Mary Leigh Meyer: And then what happens when that is removed?

Sharon Dormire: It depends on the age of the woman if you’re going to do hormone therapy or not. So if it’s a younger woman, you’re definitely going to do hormone therapy. If it’s an older woman, you might not choose to do that because she might not need that at this point. But there’s a lot of practices that if the woman is younger, like less than 50, they start hormone therapy basically in the recovery room. They’ll start using a patch and stuff because the woman who has a hysterectomy and her ovaries removed will start having hot flashes immediately and they’re pretty dramatic. Her’s are worse than a natural menopause so you want to prevent that and keep her a little bit more comfortable. But every person’s body is different.

Mary Leigh Meyer: And that’s why it’s so important for everyone to have these conversations with their health care providers because everything’s so dependent and it sounds like these symptoms are so, I want to use the word arbitrary, but that’s not the right word they’re so…

Sharon Dormire: It’s random.

Mary Leigh Meyer: They might happen, they might not happen.

Sharon Dormire: It’s random.

Mary Leigh Meyer: Sometimes they’ll happen a lot, sometimes they won’t happen. You might have a period, but then you might not have one for eight months and then you’d get one for the next four months. It sounds confusing, like a confusing process.
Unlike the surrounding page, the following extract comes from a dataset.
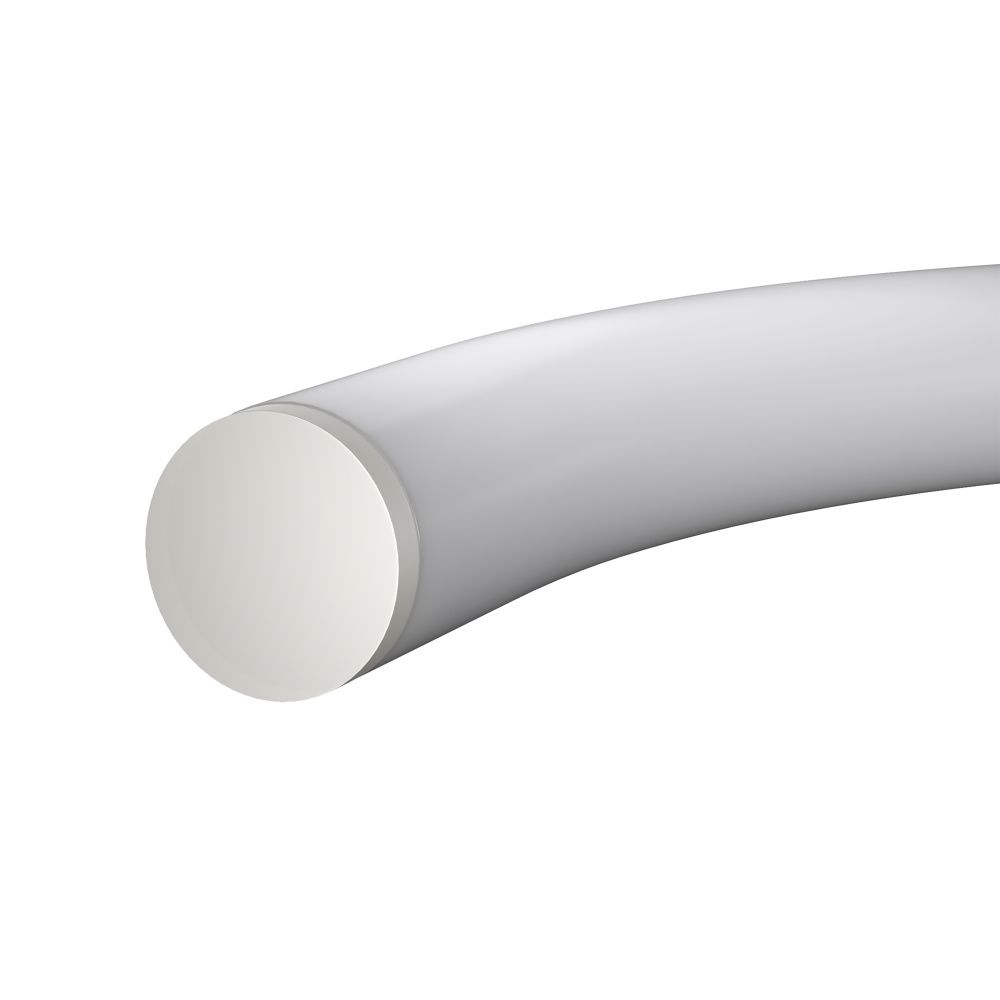 Гибкий неон Nemo D25 48V 12,5W/м 4000К IP65 20м, 2000*3*3 см, Maytoni Круглый 360° Led Strip 433002, Белый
Sharon Dormire: It is. And that’s why openness and information is important. And if I can say one thing that I think women should do is to make an effort to be informed. There’s lots of good places to get such information, but one that I have to speak called North American Menopause Society, NAMS, and the access to that is easy. The website is and they have a plethora of good patient-focused information that you don’t pay for it. You can access it as a patient.

And then reproductive endocrinologists also have very good information. So I recommend that you avoid social media sources and Internet searches that are just random because it’s not evidence-based and people are trying to sell products most of the time instead of information so that you can make a good, healthy decision for you.

Mary Leigh Meyer: Oh, I think that’s a good wrapping point. Is there anything else you want to be sure our listeners know?

Sharon Dormire: No, I think I’m good. Thanks!

Mary Leigh Meyer: Okay. Well, thank you for coming on the show, Sharon. I think I learned a lot.

Sam Craft: Yes, a lot learned. Hand raised.

Sharon Dormire: Well, that’s good. And I hope it’s helpful to many.

Mary Leigh Meyer: Oh, I know it is.

Sharon Dormire: Awesome.

Mary Leigh Meyer: And thank you all for listening. This has been another episode of Sounds Like Health.